Leap in Log Collection Efficiency: Comprehensive Upgrade from iLogtail to LoongCollector

This article introduces LoongCollector, a comprehensive upgrade from iLogtail that boosts log collection efficiency, pipeline flexibility, and overall performance in observable data management.

Review of iLogtail Development History

● In 2013, the first version of iLogtail was introduced alongside the Apsara 5K system. The Apsara 5K project is a distributed operating system project that schedules 5,000 computers to work together as a supercomputer. At that time, the purpose of developing iLogtail was simple: to collect log data distributed across thousands of machines into a central data warehouse for easy access and analysis. In this phase, iLogtail focuses on basic log collection.
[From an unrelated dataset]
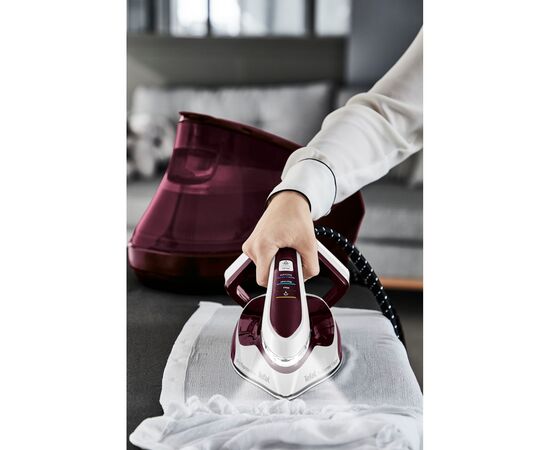 Парогенератор Tefal GV9810E0 3000Вт вишнeвый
Its typical technical features include real-time log collection via inotify-driven change detection, Apsara log parsing and structuring, real-time transmission of logs to remote storage, and basic self-monitoring log reporting.

● In 2015, Alibaba began to migrate its group businesses to the cloud. Double 11 in 2019 announced that the core system was fully migrated to the cloud. During this period, the users of iLogtail have expanded from Alibaba Cloud to the entire group, which puts forward higher requirements for the richness and stability of its processing capabilities. In this context, iLogtail developed excellent capabilities, such as multi-level feedback queues for fault isolation, checkpoint mechanisms to prevent log loss, multi-tenant management capabilities, and more comprehensive log processing capabilities.
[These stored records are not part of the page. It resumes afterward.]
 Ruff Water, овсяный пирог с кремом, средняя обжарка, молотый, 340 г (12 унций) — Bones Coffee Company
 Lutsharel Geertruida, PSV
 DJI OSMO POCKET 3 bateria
● In 2017, with the official commercialization of SLS and the launch of ACK, the number of iLogtail users showed geometric growth, and new requirements sprang up. Meanwhile, the usage scenarios of iLogtail expanded from hosts to containers. To adapt to the changes in the new environment, iLogtail evolved a Go plugin system. With the support of this subsystem, iLogtail quickly supported features such as container log collection and automatic tagging of Kubernetes metadata. iLogtail also began to expand support for access to time series and tracing data.
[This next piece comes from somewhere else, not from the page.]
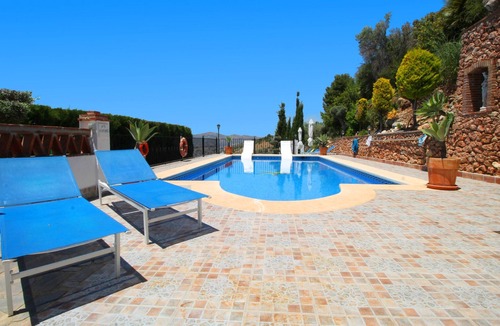Frigiliana Villa | 1094 Cortijo el Niño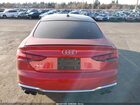 2020 Audi S5 Sportback Premium Plus Tfsi Quattro Tiptronic Белый vin: WAUC4CF57LA019954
● In 2022, iLogtail was fully open-sourced and upgraded to v1.0.0. This marks the maturity of iLogtail. iLogtail has transformed from a single log collector to an observable data collector with full features. The 1.0 series delivered complete support for common containers at runtime, making it suitable for cloud-native environments. Thanks to the efforts of members in the open-source community, it enriched its output support for downstream ecosystems. Keeping pace with the times, it added support for data access to the fourth pillar of observability data - Profiling.

● In 2024, on its 2nd open-source anniversary, iLogtail released v2.0.0. This version combined community contributions and adapted to market changes. Compared with the 1.0 series, this version significantly improved in usability, performance, and reliability.

From iLogtail to LoongCollector: Beyond Renaming

In 2025, iLogtail was officially upgraded to LoongCollector, marking a new era in the field of log collection and processing. LoongCollector has achieved comprehensive upgrades in log scenarios and has been deeply optimized in terms of functionality, performance, and stability, thus providing users with more efficient, flexible, and reliable log management solutions. Next, we will introduce the upgrades of LoongCollector in detail.

Consolidated Foundation - High Performance and Flexible Pipeline

Overview

An overall architecture upgrade was performed on iLogtail, especially for the main program in C++. By introducing the concept of pipeline, the input, processing, and output capabilities achieve completely plugin-based integration, supporting free combination of capabilities to meet the above requirements.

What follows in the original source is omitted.